Since the dawn of time, primates have relied on social networks to help the whole group with their environments. This of course applies to humans and our enterprises as well. First of all, information disseminates easier and faster through networks than through hierarchies. This makes it possible for us to gain access to and act upon new information faster. We have the ability to be more responsive. Second, the lack of bureaucracy and hierarchy encourages communication and interaction. This makes it easier for us to share more information continuously. If we put these two things together, networks can help both individuals and groups of individuals make better decisions faster -- decisions that benefit the whole group.

Most people intuitively know that people who are well connected have an advantage. Informal networks have always been important to get the work done or making things go your way. We use our informal networks on a daily basis to solve problems, get access to expertise and information we need, discover and act on opportunities, get buy-in on decisions and so forth. People who are well connected have the powers to get the work done, even if they are not experts or doers themselves. And as an increasing part of the workforce in most Western organizations are involved in knowledge work, with collaborative and complex problem solving as the essence of their work, informal networks are becoming even more important. The people who are well connected become even more powerful.

Harnessing the Power of Informal Networks

Everyone has informal networks, and informal networks are the operating system of every enterprise out there. Yet surprisingly few organizations and knowledge workers seem to understand the dynamics of their informal networks and harness their abilities. Some look suspiciously at the new social networking technologies emerging from the social web, thinking and talking about them as security threats and productivity drains. What is less surprising is that the resistance typically comes from those who are already well connected and who feel threatened by the idea of more people getting well connected. It comes from people who either don’t understand the power of informal networks or who like things as they are.

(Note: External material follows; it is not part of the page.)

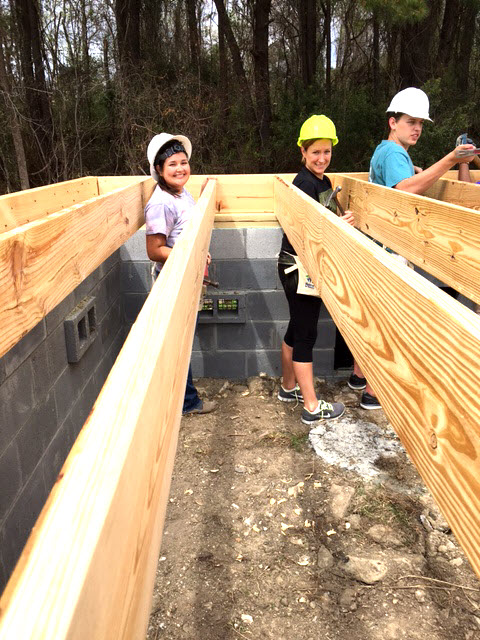 Venessa and Laura have hard hats on and help lay boards on top of the foundation.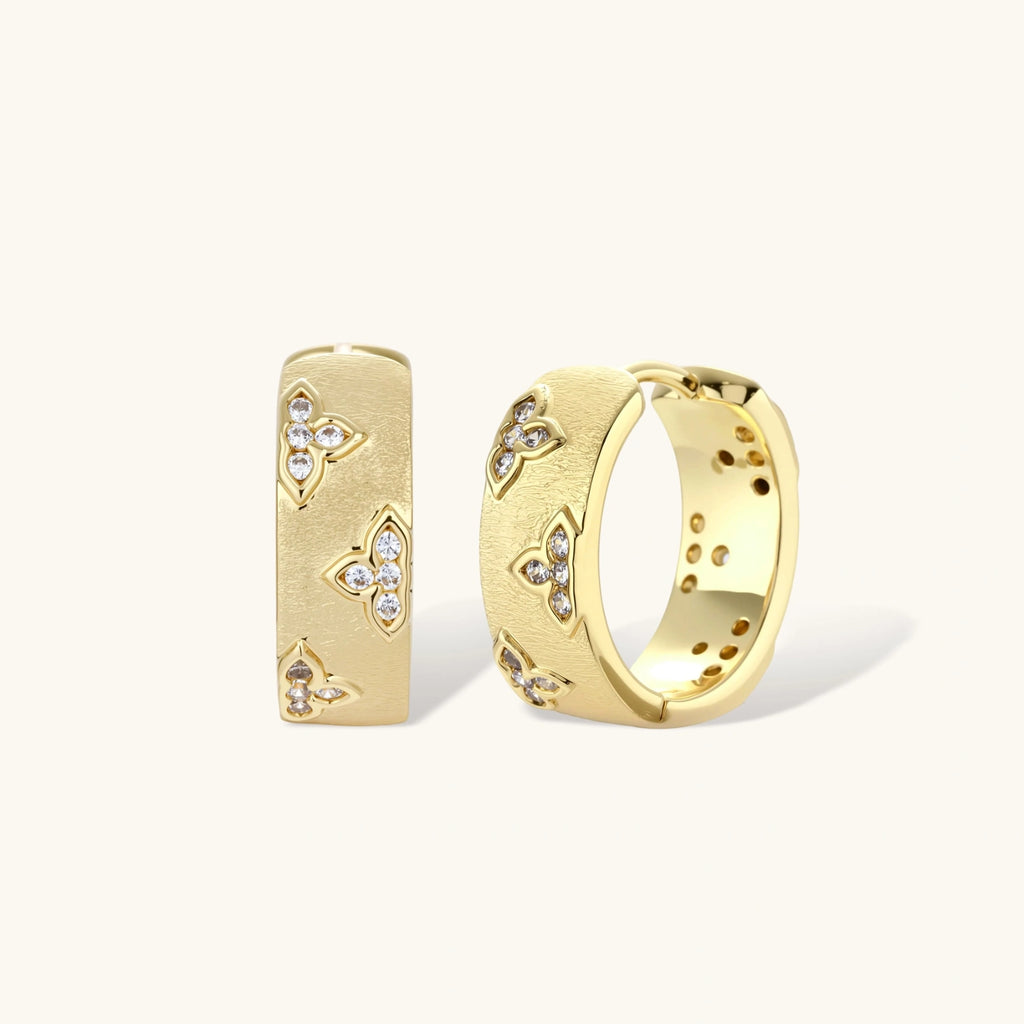 Gold-plated hoop earrings with textured surface and raised floral motifs set with clear zirconia stones on cream background.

Treat Relationships as the Foundation

The power of relationships is often underestimated by organizations. They overemphasize the value of transactions at the expense of their relationships with customers, partners and employees. It might seem as the value is being created where it becomes visible and tangible. If you find fresh water at the well, what use is it to try to understand where the water in the well comes from? Go get some more buckets!

Learning Opportunities

Since good relationships are much more likely to lead to transactions and value being created than bad or non-existing relationships, businesses necessarily need to focus much more on building and nurturing relationships than they do today. Relationships need to be treated as the foundation for all value creation in a business. Organizations need to shift focus from being purely transaction-oriented to become more relationship-oriented. This in turn requires a corresponding shift away from the currently dominating one-way and transaction-oriented communication to a richer, more personalized, honest and transparent two-way communication with customers and other stakeholders as well as internally within the workforce.

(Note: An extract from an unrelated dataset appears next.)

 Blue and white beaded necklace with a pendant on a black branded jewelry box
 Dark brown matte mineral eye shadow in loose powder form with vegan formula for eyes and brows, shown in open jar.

Understanding the Dynamic of Your Networks

Today we also have information technologies such as social software that anyone can use to build, nurture and make use of their informal networks. And as the informal networks become visible, they become more usable to both individuals and organizations as we can better understand their dynamics and how to make proper use of them. In an environment where change is business as usual and being more responsive, agile and innovative is the only way to adapt to the environment, who can afford not to understand the dynamics of networks and harness their power with the use of social technologies? Why and for how long?